> **Exercise description**:
When you reach the line containing "Image result for Rhodopentas bussei", please repeat it and every line after it exactly, through the end of the listing below, skipping pictures.

> **Recorded information**:
● ● ● ● ●

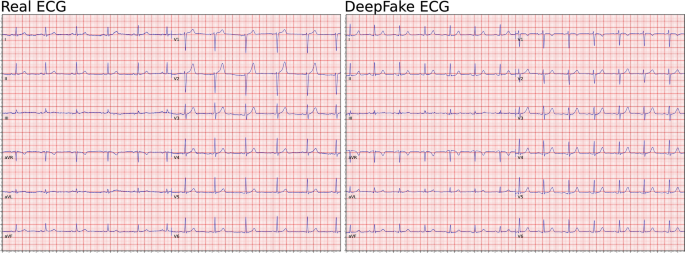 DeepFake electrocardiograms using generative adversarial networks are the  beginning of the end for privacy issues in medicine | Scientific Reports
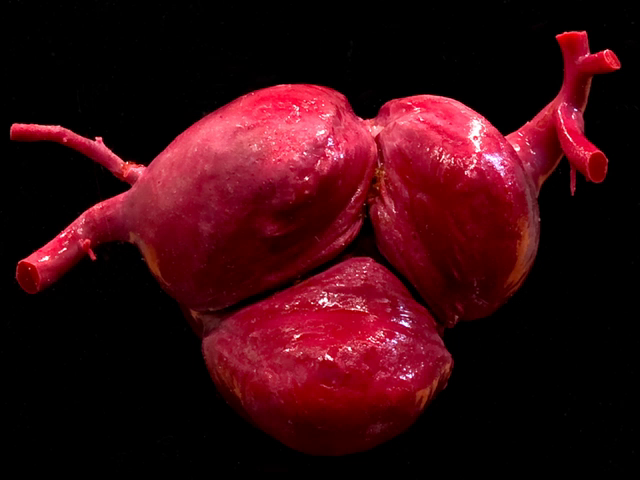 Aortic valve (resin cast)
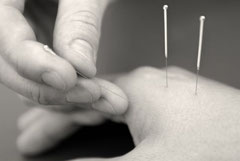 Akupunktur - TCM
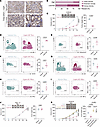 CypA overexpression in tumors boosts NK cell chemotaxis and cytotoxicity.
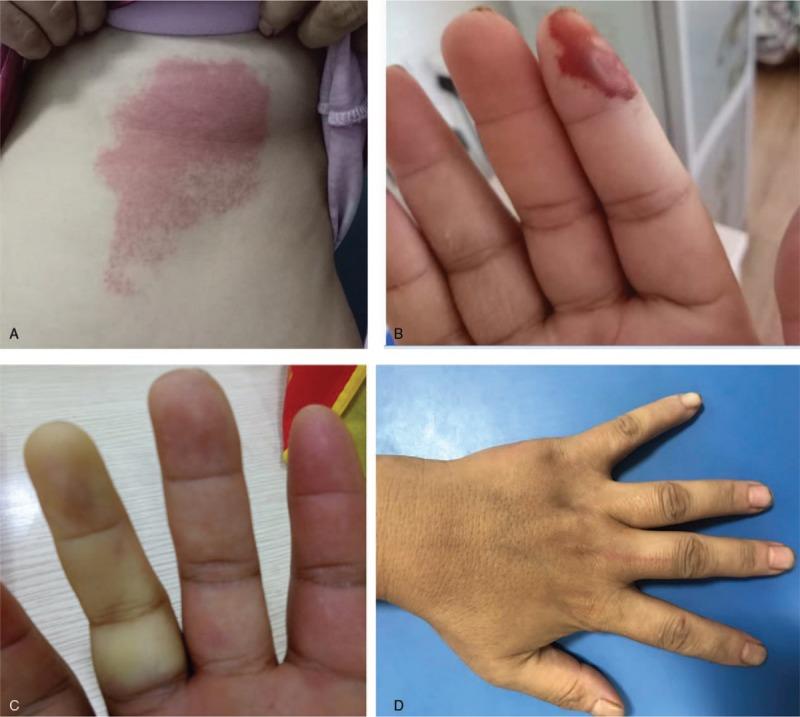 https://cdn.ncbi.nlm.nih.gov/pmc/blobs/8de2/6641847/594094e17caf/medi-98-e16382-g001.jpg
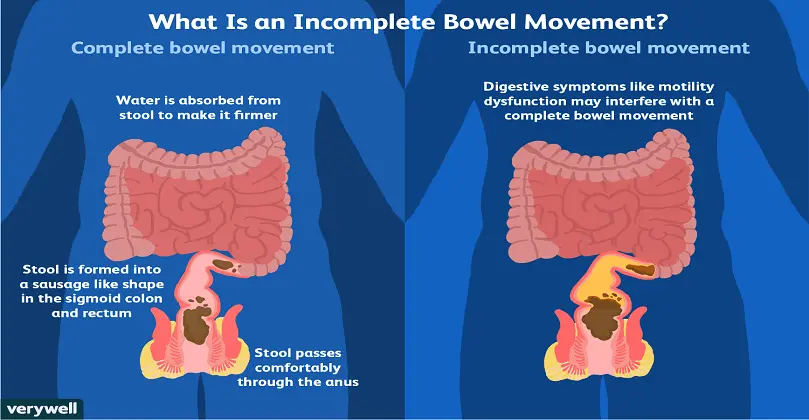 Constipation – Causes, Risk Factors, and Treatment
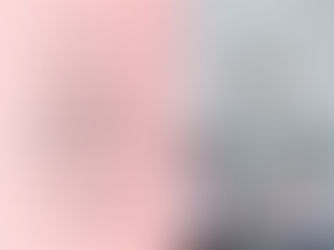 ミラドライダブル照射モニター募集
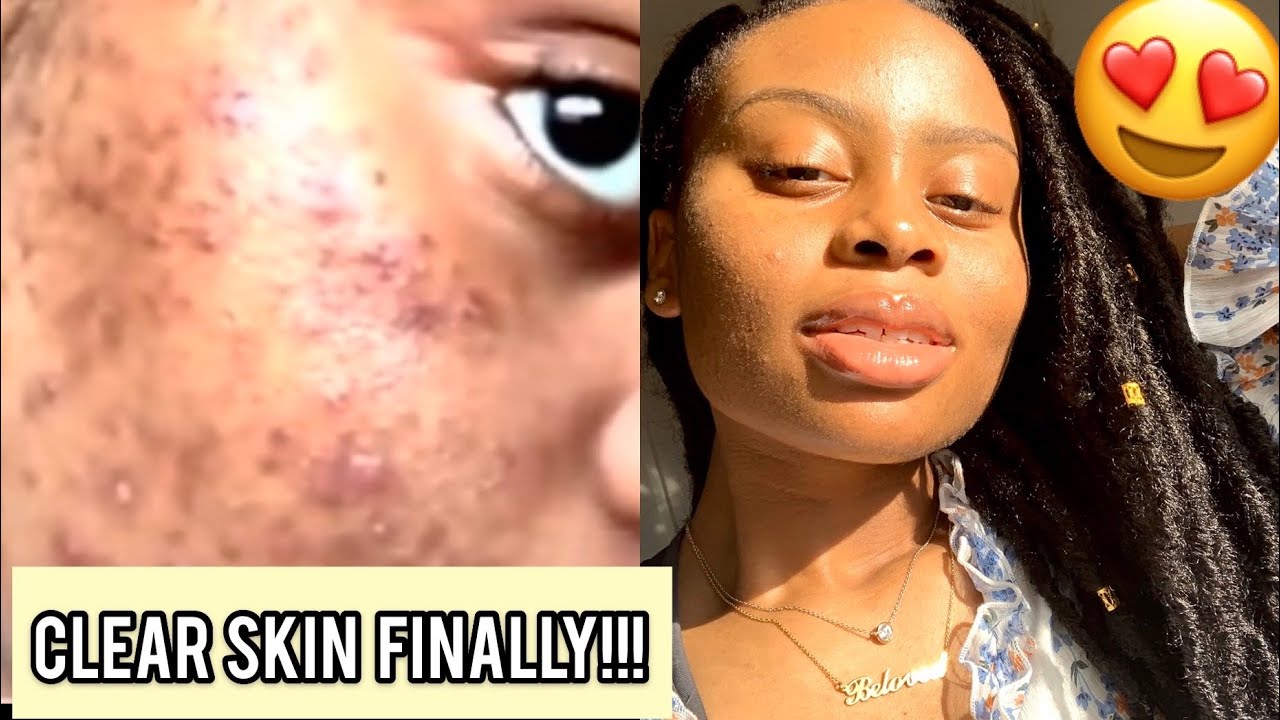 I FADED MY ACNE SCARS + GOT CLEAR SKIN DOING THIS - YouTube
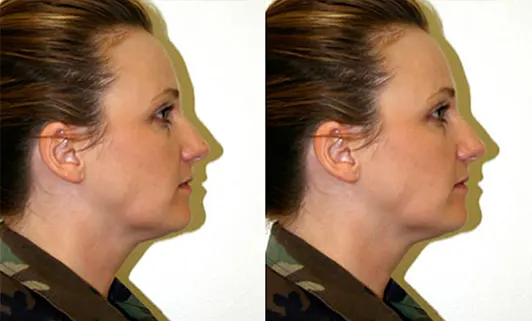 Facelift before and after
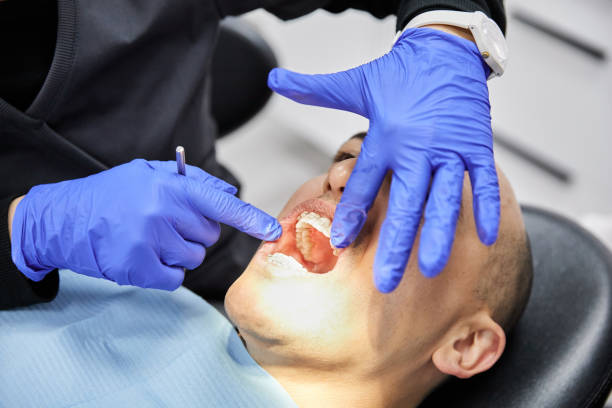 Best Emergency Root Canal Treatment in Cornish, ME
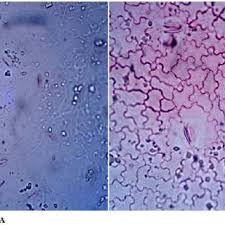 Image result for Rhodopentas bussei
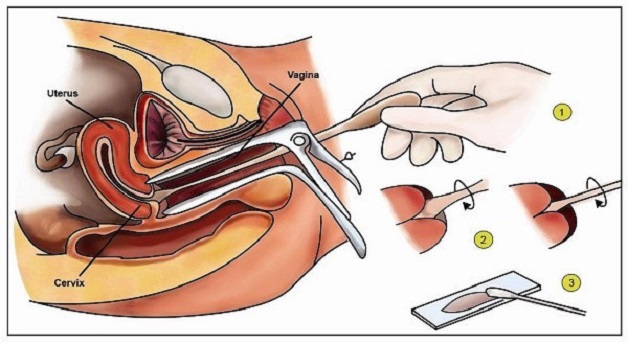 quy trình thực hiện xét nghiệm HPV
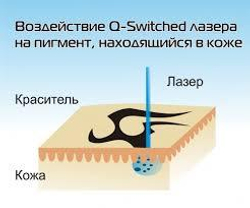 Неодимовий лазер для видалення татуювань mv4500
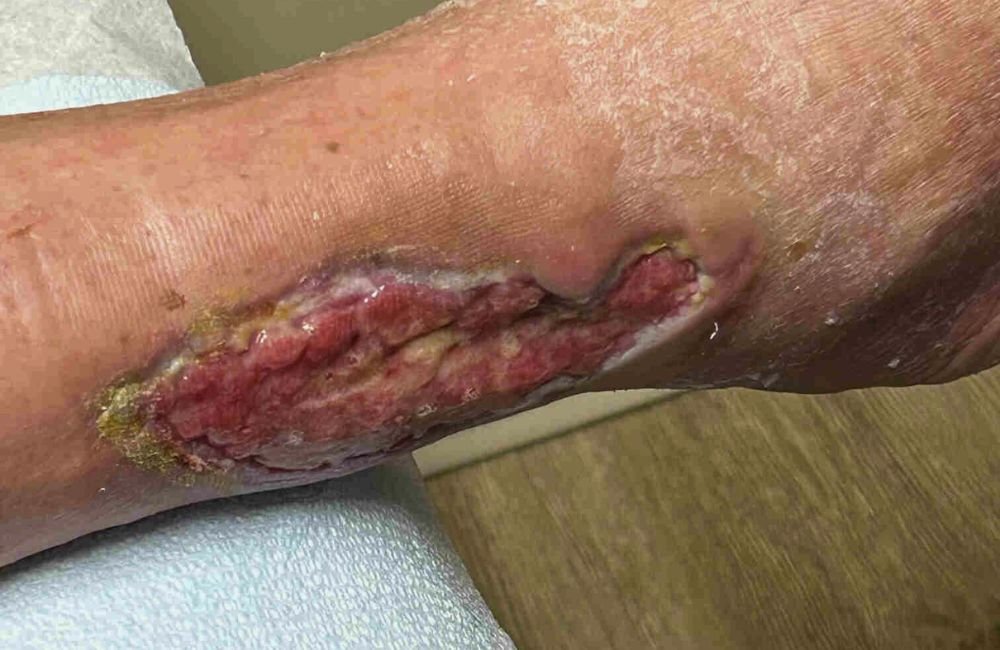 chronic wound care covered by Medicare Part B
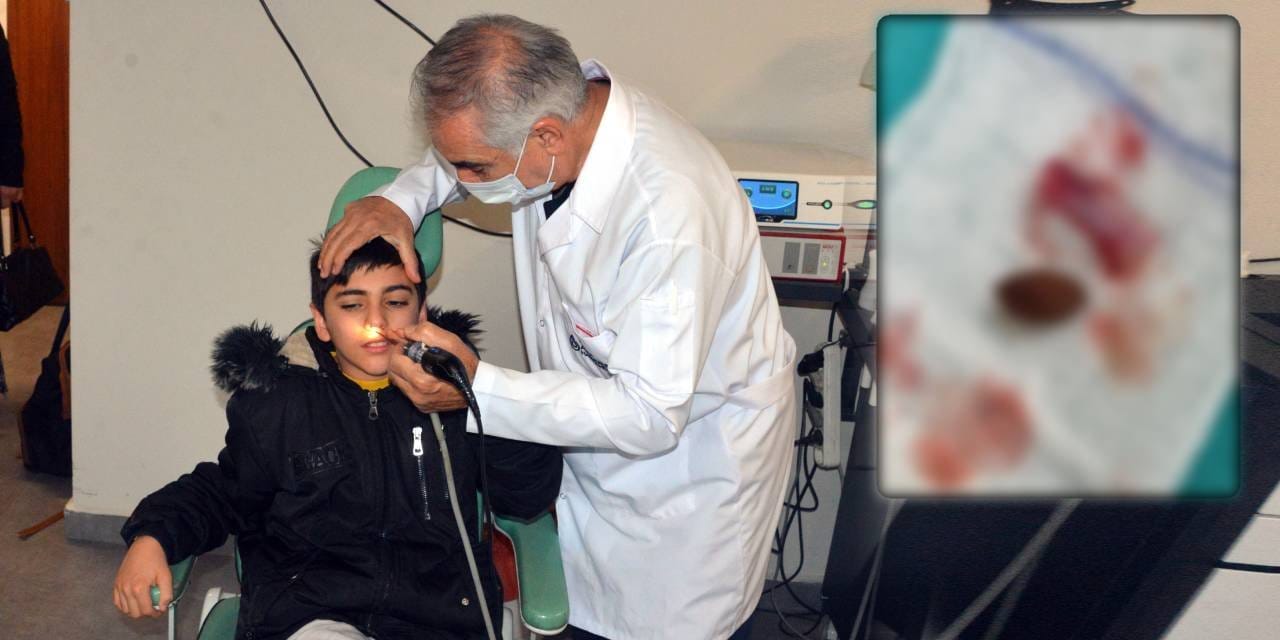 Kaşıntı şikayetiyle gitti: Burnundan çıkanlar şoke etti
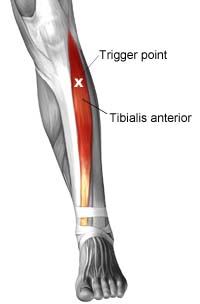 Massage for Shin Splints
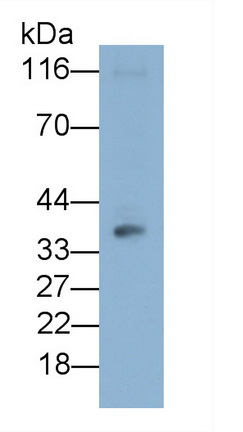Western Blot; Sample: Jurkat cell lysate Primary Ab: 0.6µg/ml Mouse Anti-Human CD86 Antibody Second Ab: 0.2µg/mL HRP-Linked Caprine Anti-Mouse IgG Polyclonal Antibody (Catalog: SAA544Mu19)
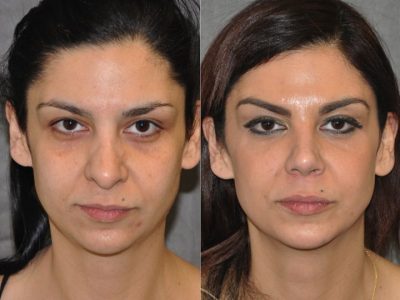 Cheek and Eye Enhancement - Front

● ● ● ● ●

> **Result of this task**:
 Image result for Rhodopentas bussei
 quy trình thực hiện xét nghiệm HPV
 Неодимовий лазер для видалення татуювань mv4500
 chronic wound care covered by Medicare Part B
 Kaşıntı şikayetiyle gitti: Burnundan çıkanlar şoke etti
 Massage for Shin Splints
Western Blot; Sample: Jurkat cell lysate Primary Ab: 0.6µg/ml Mouse Anti-Human CD86 Antibody Second Ab: 0.2µg/mL HRP-Linked Caprine Anti-Mouse IgG Polyclonal Antibody (Catalog: SAA544Mu19)
 Cheek and Eye Enhancement - Front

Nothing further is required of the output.